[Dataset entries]
== == ==

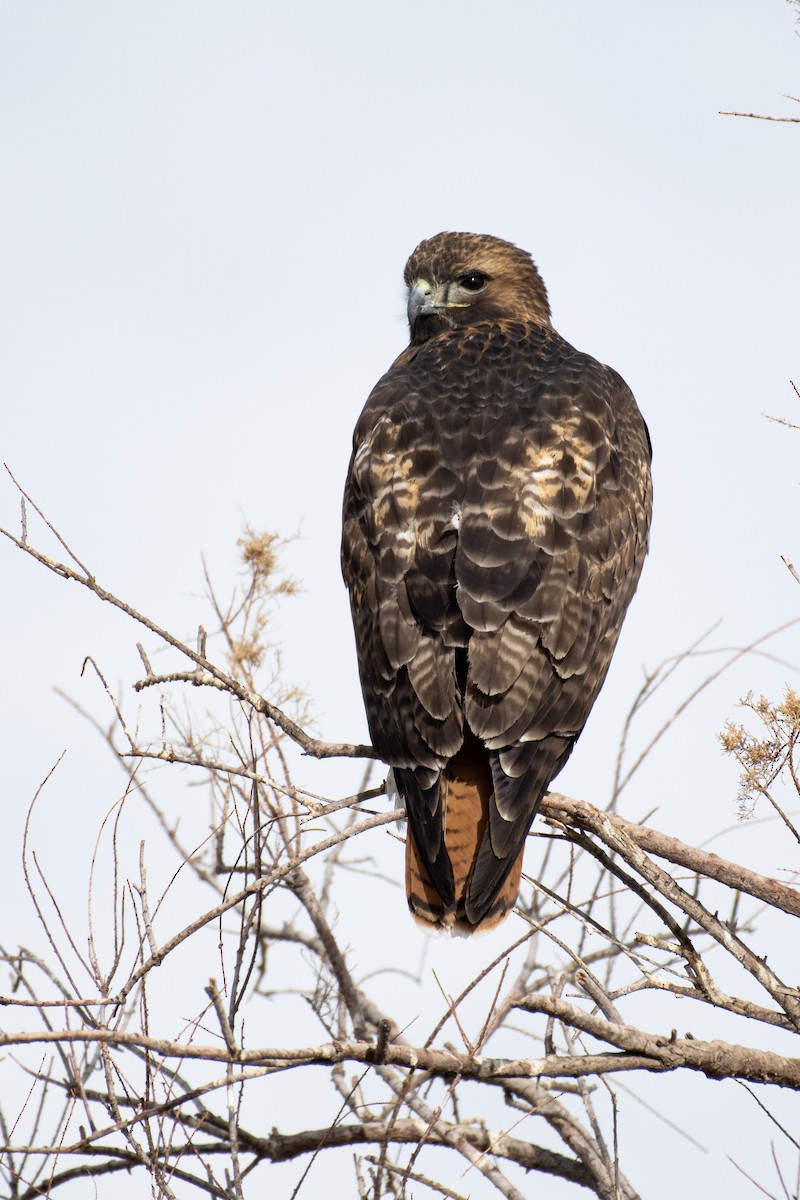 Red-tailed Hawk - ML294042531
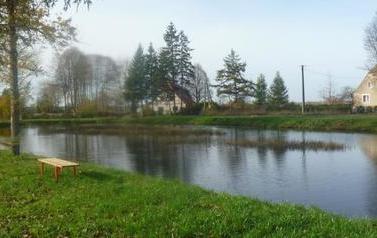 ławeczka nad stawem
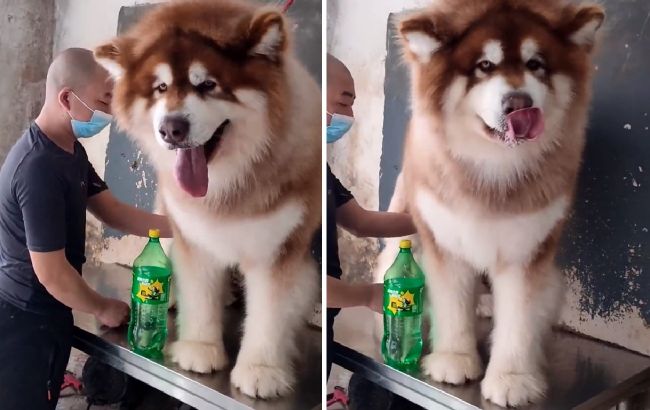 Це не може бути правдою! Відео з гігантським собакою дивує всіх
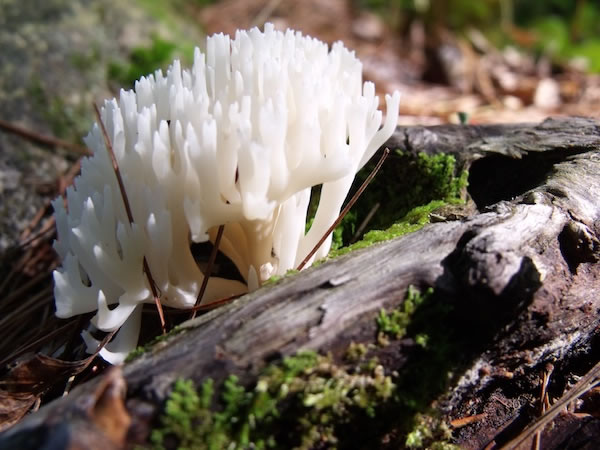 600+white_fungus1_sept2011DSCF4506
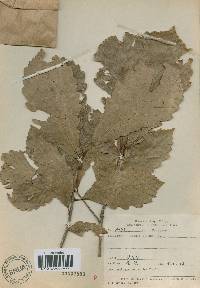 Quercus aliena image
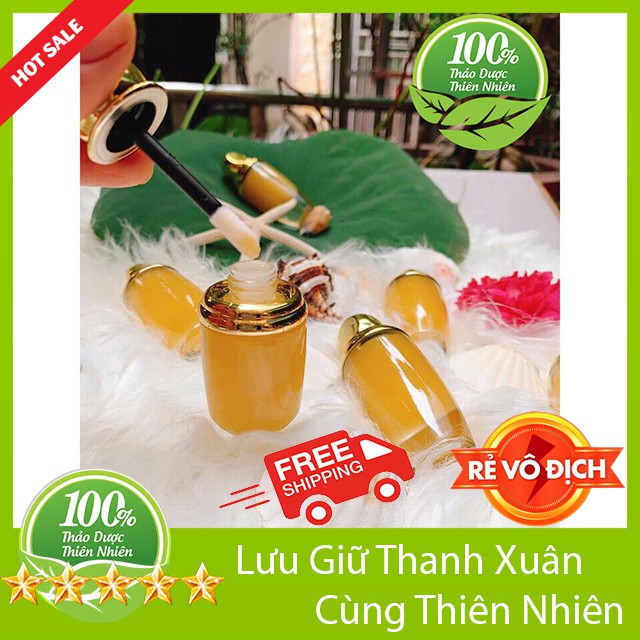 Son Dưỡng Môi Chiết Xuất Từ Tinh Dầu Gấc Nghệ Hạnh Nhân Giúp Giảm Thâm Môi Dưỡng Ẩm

== == ==

→ Task description
Hand back exactly the lines from the one with "Quercus aliena image" through the last line of the data above, both ends included, with every picture left out.

→ Response area
 Quercus aliena image
 Son Dưỡng Môi Chiết Xuất Từ Tinh Dầu Gấc Nghệ Hạnh Nhân Giúp Giảm Thâm Môi Dưỡng Ẩm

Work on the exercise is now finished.